Records below:

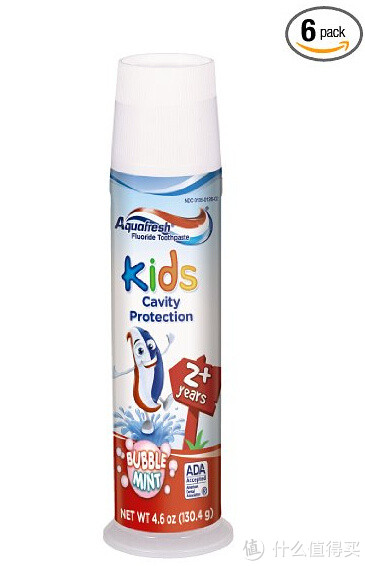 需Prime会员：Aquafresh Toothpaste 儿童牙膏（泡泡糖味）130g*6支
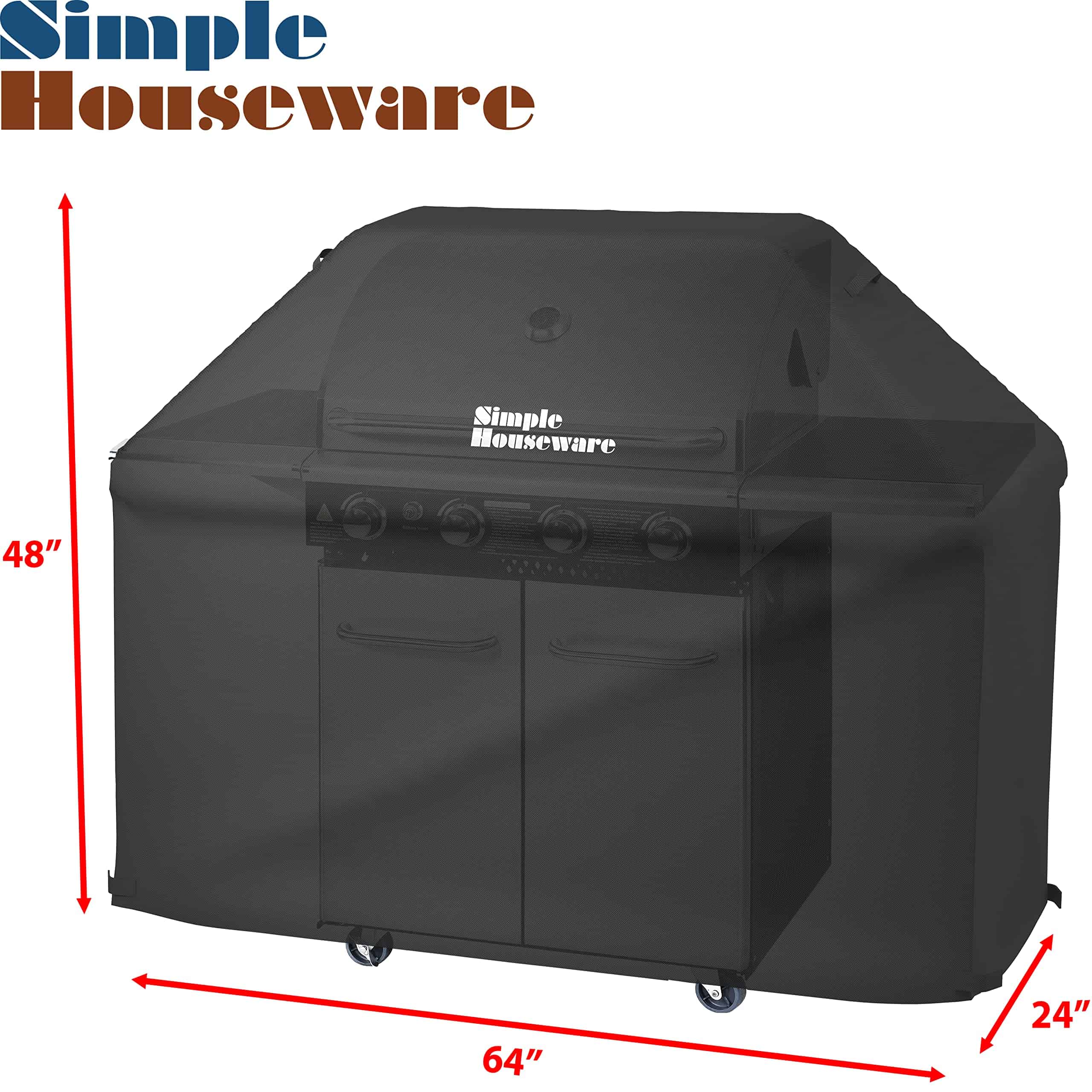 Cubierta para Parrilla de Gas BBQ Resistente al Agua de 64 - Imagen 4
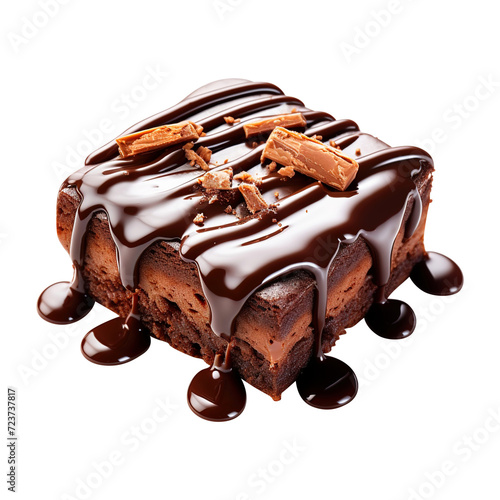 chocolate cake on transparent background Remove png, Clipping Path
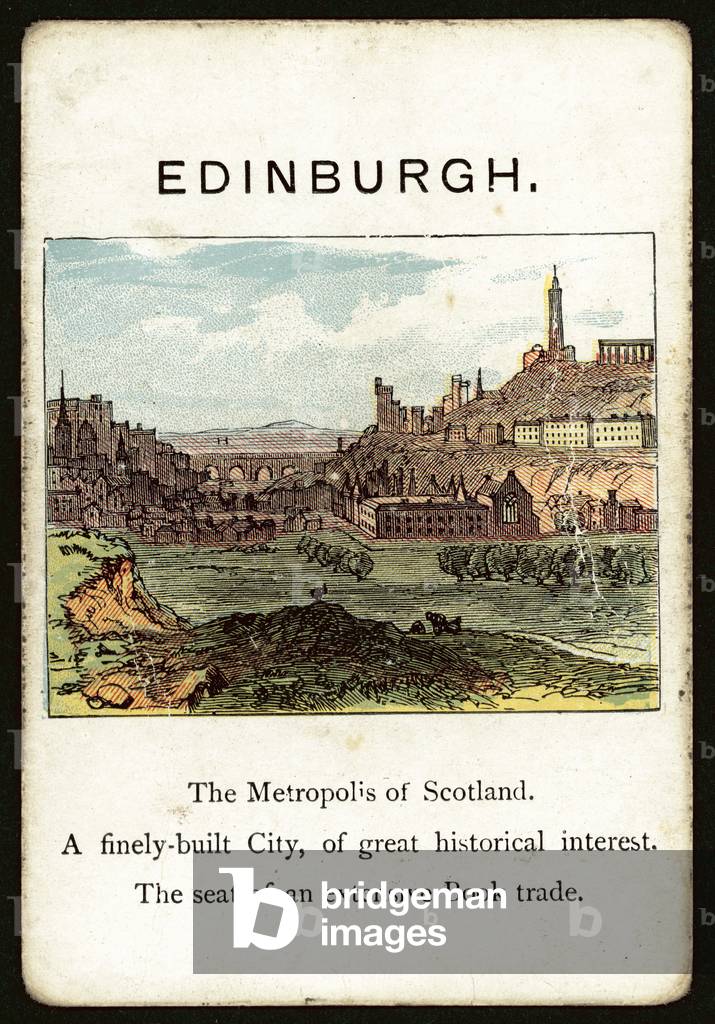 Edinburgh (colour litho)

End of Records.
Records below:

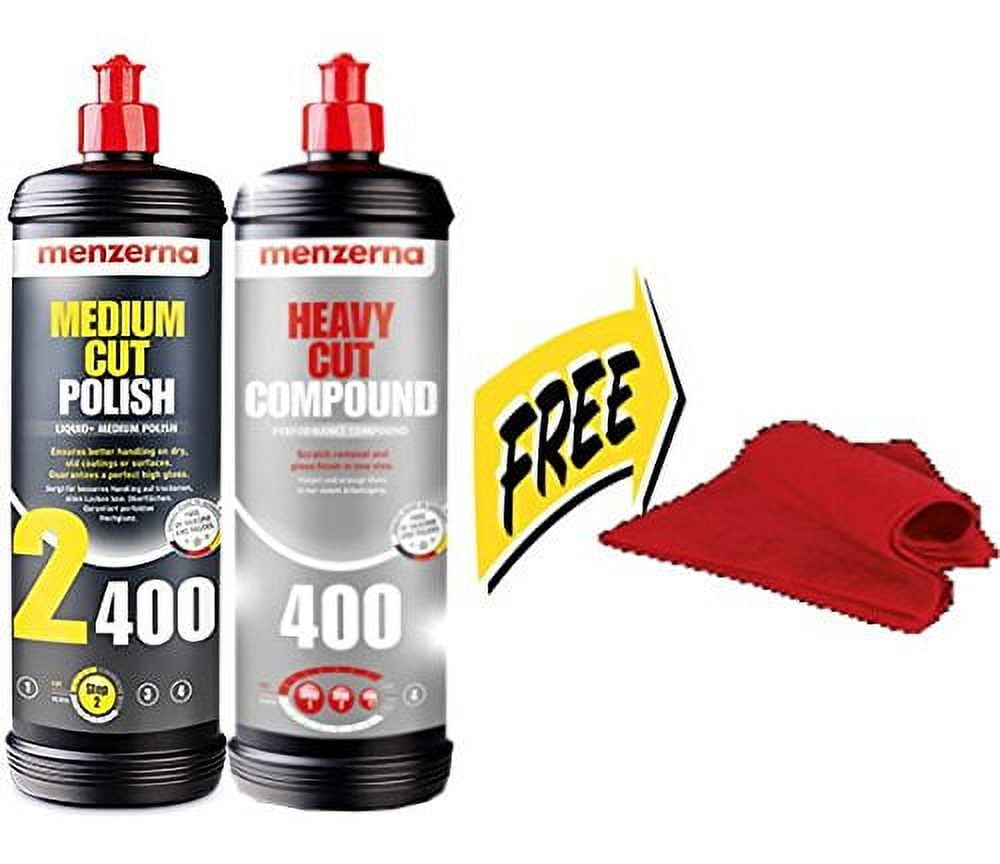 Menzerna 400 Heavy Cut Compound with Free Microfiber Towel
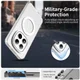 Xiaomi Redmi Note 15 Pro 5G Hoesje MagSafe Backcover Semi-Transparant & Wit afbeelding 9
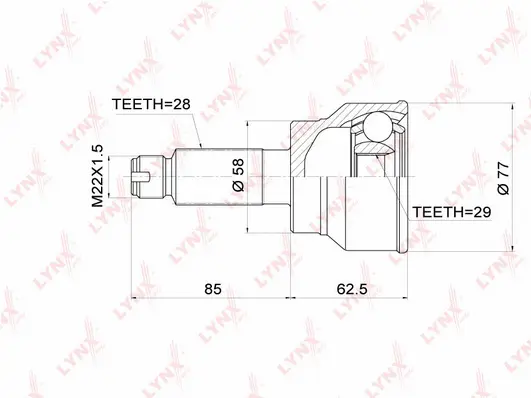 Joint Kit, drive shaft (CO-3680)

End of Records.

Among the entries above, take the line with "需Prime会员：Aquafresh Toothpaste 儿童牙膏（泡泡糖味）130g*6支", the line with "Edinburgh (colour litho)", and all the lines between them, and restate them word for word without pictures.

 需Prime会员：Aquafresh Toothpaste 儿童牙膏（泡泡糖味）130g*6支
 Cubierta para Parrilla de Gas BBQ Resistente al Agua de 64 - Imagen 4
 chocolate cake on transparent background Remove png, Clipping Path
 Edinburgh (colour litho)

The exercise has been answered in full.